Records shown:
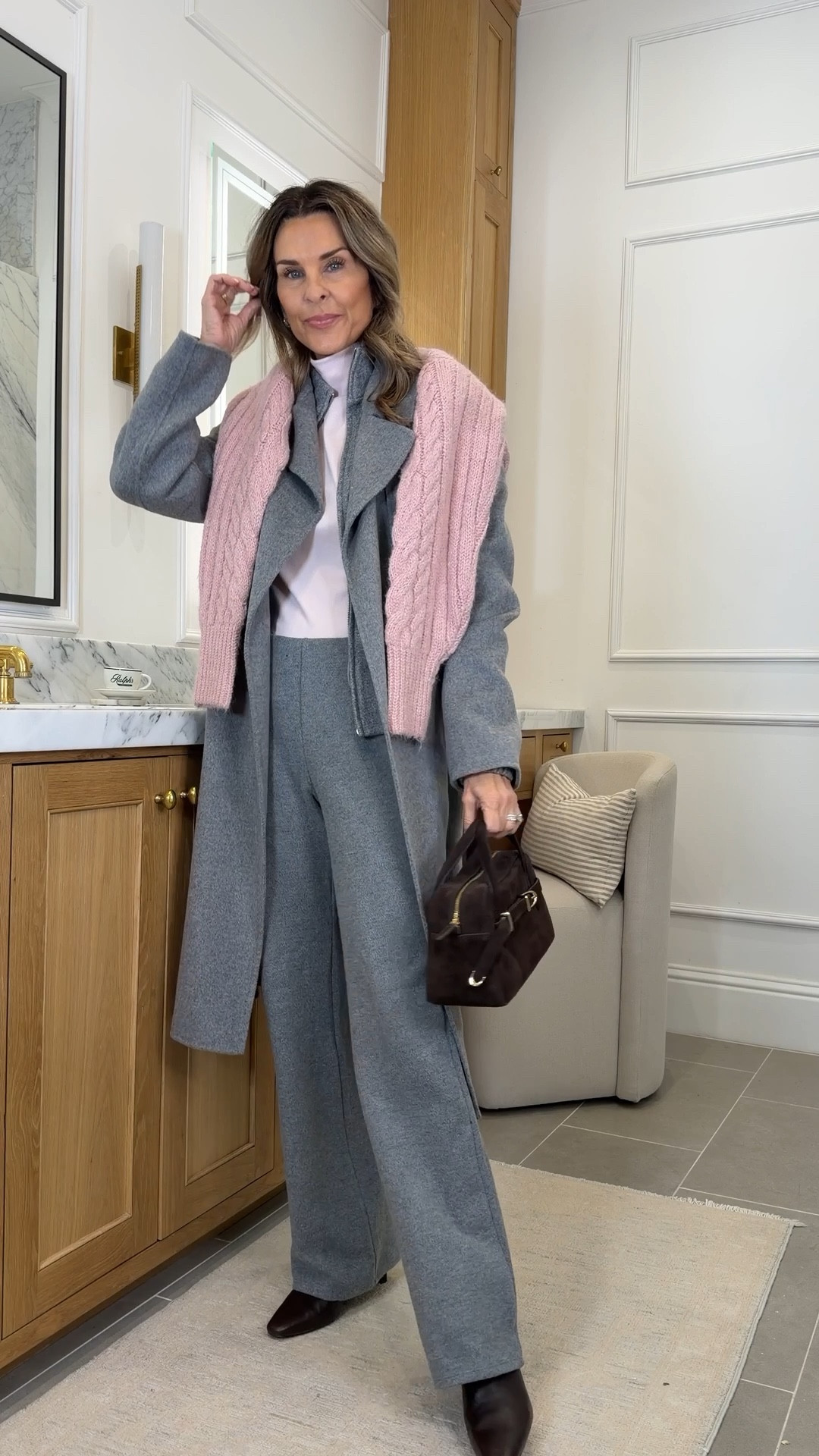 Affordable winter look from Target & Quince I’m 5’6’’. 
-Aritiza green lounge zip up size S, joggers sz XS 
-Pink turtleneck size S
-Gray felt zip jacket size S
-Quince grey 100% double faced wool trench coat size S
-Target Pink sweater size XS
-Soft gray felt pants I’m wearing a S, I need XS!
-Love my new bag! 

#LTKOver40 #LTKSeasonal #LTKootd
---
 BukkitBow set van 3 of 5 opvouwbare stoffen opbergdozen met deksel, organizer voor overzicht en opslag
---
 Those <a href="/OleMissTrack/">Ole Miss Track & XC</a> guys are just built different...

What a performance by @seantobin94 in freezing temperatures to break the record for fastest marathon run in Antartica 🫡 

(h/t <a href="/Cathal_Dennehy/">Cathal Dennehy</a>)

Task prompt:
Output the lines above between the one holding "-Soft gray felt" and the one holding "#LTKOver40 #LTKSeasonal #LTKootd", inclusive, with nothing before or after them.

Solved problem:
-Soft gray felt pants I’m wearing a S, I need XS!
-Love my new bag! 

#LTKOver40 #LTKSeasonal #LTKootd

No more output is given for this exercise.